Our project is currently under maintenance. We have never had unit testing for this project. We were planning on writing unit test for the delta's rather than writing unit test for the entire application. What would be the preferred approach. Does it really add value to add unit testing during the maintenance phase ??? We are still with .net 1.1 and might be going for an upgrade to .net 4.0 in the future.

I was wondering if someone did a ROI to sell this to the business ??

+2  A: 

The preferred approach is to cover all of your existing code with unit tests before you delta it, but you may not have the budget for that. Unit tests for your changes is certainly better than nothing.

If you already have adequate integration/verification/acceptance tests, that should suffice.

Robert Harvey
+1  A: 

Ideally you should have unit tests covering your entire project, not just future deltas. This is especially important if you plan to do a major infrastructure upgrade, because it essentially means that your entire project is a "delta".
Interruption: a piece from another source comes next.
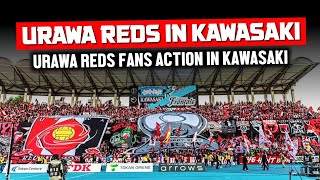 Kawasaki Frontale - Urawa Reds | 等々力陸上競技場に響く浦和レッズサポーターの大きな声 | J1 League (23.04.23)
Whether it is really worth putting the effort into this depends on how much you really want to support this project going forward.

Christopher Barber
+1  A: 

It all depends on how often and why your code is churned. However, in any case Unit Testing and comprehensive unit test suite is more like long-term investment.

If the majority of the changes are due to field/customer issues, than the ROI for UnitTest for (legacy) code in maintenance phase should come from reducing the time to fix problems, reduce number of bugs introduced (or exposed) with the deltas and reduce time to indentify root-cause of the issues.

If the code churn is caused by small features (improvements and/or customer requests) than ROI should come from shorter delivery time (better quality code, more confidence, enable TDD etc.).

Unit Tests in general should increase developer's confidence in the code base and provide some kind of sefety net for the changes.